Motivation

For almost 30 years, we have been exploring how liveliness and creativity can be integrated into Education for Sustainable Development (ESD) and what kinds of learning experiences they can inspire. During this time, formal education has mostly taken place in closed rooms, groups, or institutions—and largely still does today. Experts design, shape, and negotiate educational offerings in workshops, conferences, and meetings—behind closed doors. People may step outside during breaks, but many ideas, questions, people, perspectives, themes, and challenges remain outside—left at the door.

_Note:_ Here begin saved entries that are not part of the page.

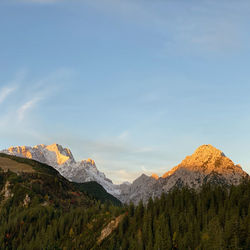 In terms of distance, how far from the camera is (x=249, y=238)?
19975cm

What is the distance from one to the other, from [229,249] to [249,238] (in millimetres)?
14281

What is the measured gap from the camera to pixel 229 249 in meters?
198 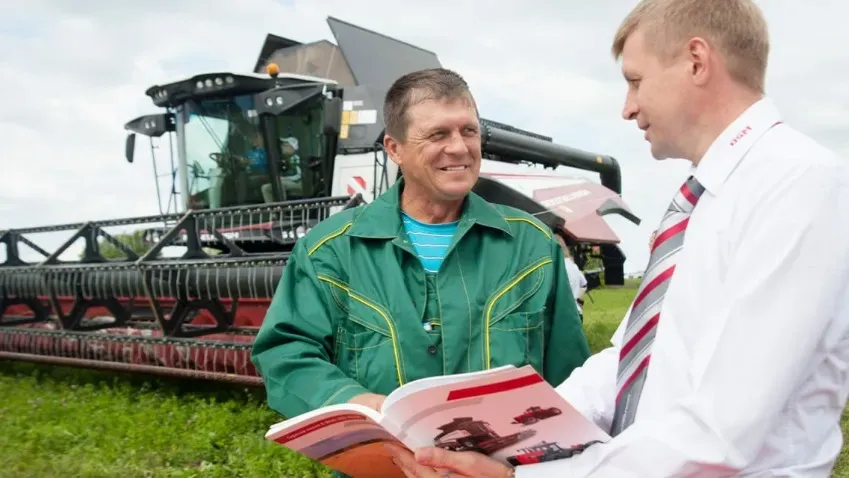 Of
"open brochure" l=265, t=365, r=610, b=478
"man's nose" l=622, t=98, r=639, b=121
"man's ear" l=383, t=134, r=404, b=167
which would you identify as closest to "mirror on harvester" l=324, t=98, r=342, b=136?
"man's ear" l=383, t=134, r=404, b=167

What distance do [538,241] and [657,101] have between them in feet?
2.59

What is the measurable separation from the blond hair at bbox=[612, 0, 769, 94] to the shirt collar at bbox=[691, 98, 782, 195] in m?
0.05

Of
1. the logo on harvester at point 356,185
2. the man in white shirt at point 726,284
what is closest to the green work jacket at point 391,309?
the man in white shirt at point 726,284

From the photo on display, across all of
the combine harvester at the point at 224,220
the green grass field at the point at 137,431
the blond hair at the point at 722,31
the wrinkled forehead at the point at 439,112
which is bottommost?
the green grass field at the point at 137,431

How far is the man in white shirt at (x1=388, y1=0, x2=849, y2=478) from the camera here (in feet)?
3.31

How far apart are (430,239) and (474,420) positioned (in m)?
0.71

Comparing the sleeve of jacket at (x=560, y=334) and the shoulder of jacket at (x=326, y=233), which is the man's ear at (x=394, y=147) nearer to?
the shoulder of jacket at (x=326, y=233)

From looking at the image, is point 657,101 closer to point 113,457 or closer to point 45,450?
point 113,457

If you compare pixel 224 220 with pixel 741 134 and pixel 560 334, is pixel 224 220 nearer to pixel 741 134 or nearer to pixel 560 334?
pixel 560 334

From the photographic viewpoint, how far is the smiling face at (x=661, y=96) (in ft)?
3.96

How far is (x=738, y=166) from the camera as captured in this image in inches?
45.5

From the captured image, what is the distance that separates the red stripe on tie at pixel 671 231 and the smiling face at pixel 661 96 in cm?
11

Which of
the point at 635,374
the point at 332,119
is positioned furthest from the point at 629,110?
the point at 332,119

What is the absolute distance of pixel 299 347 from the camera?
1.77m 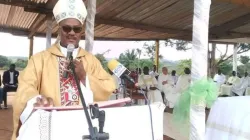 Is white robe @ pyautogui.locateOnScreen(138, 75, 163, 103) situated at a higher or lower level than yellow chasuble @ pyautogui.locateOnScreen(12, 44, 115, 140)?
lower

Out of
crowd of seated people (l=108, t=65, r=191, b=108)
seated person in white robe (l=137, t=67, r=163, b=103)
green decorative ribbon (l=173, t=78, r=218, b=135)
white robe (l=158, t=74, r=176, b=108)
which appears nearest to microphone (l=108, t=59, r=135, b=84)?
green decorative ribbon (l=173, t=78, r=218, b=135)

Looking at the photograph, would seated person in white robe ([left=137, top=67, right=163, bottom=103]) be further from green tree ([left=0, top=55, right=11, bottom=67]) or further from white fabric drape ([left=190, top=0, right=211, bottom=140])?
green tree ([left=0, top=55, right=11, bottom=67])

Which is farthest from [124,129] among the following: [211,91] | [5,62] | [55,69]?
[5,62]

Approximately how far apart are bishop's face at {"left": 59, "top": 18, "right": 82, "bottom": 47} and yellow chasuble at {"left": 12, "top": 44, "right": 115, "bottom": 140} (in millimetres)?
155

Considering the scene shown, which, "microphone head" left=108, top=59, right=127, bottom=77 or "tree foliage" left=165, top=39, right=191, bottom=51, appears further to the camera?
"tree foliage" left=165, top=39, right=191, bottom=51

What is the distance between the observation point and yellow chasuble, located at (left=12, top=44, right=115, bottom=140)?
1529 millimetres

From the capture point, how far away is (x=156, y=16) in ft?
25.6

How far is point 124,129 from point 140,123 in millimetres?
93

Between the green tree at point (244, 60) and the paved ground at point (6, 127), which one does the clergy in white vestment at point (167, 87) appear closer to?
the paved ground at point (6, 127)

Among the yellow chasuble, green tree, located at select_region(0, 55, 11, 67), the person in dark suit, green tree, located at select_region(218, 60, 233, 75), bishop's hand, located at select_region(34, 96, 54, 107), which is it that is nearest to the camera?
bishop's hand, located at select_region(34, 96, 54, 107)

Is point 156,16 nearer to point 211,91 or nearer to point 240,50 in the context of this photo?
point 211,91

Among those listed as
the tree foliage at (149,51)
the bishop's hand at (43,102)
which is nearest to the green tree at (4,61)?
the tree foliage at (149,51)

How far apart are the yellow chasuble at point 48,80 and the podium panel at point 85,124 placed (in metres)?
0.33

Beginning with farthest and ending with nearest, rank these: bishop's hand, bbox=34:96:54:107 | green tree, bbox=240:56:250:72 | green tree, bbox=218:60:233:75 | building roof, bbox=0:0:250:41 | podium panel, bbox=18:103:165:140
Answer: green tree, bbox=240:56:250:72, green tree, bbox=218:60:233:75, building roof, bbox=0:0:250:41, bishop's hand, bbox=34:96:54:107, podium panel, bbox=18:103:165:140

With the globalgoals.hamburg project, we aim to take discussions about sustainable development and the 17 United Nations Sustainable Development Goals (SDGs) out into public spaces and directly to people—beyond narrow expert circles and closed event rooms. The goal is to allow as many people as possible to actively engage with these topics and the necessary changes they entail.

By making the broader context of the SDGs in Hamburg more visible, we hope to spark questions and seek answers together with many others—without prescribing them. What moves people with the most diverse knowledge, experience, work, and life contexts when it comes to equitably deciding what kind of world we and our children want to live in, and which decisions and actions can lead us there? The SDGs provide comprehensive targets: ending poverty and hunger, taking climate action, eliminating discrimination, realizing human and children’s rights, ensuring decent work, and much more. But achieving such ambitious goals is impossible without broad engagement, active participation, and inclusive involvement of civil society—and without a deep sense of being affected and being addressed. To do this, we need courage, confidence, humor, and passion to open ourselves to both possible and impossible future scenarios.

We are aware that the 17 SDGs contain numerous inconsistencies and contradictions, particularly due to a growth ideology—most clearly formulated in SDG 8—that stands in stark contrast to the finite nature of resources and to visions of fundamental global justice. The structural causes of poverty and social inequality, which are reinforced by the global economic, financial, and trade system, are not adequately addressed in the SDGs (see also the positions of the German umbrella organization for development-focused NGOs, VENRO). The significance of these contradictions has become increasingly apparent in recent years through the consequences and handling of the COVID-19 pandemic, as well as through resource conflicts and the wars that have resulted from them. Therefore, it is essential to identify and name the political and economic interests behind the SDG targets.

The transition to a socially just and ecologically responsible sustainable development—which we continue to hold as a utopian long-term goal—appears to us fundamentally as a cultural task. By “cultural,” we mean the totality of human expressive potential, a full-sensory interaction with the living and material environment, and a critical examination of political (power) structures and prevailing value systems. We hope that art and creative design can serve as catalysts for open-minded—and sometimes uncomfortable—perspectives on new development paths, which the discussion around the Global Sustainable Development Goals urgently needs.

Conversations with and texts by street artists, musicians, artists, directors, curators, and gallery owners have accompanied us in our step out into public space, offering us new insights and inspiration (for example, the Berlin art project “Okkupation”). Through exchange with other art, sustainability, and educational initiatives, as well as with the public, a creatively critical interest in a discourse on the SDGs (not only in Hamburg) and in their artistic implementation has emerged. This continues to motivate us again and again!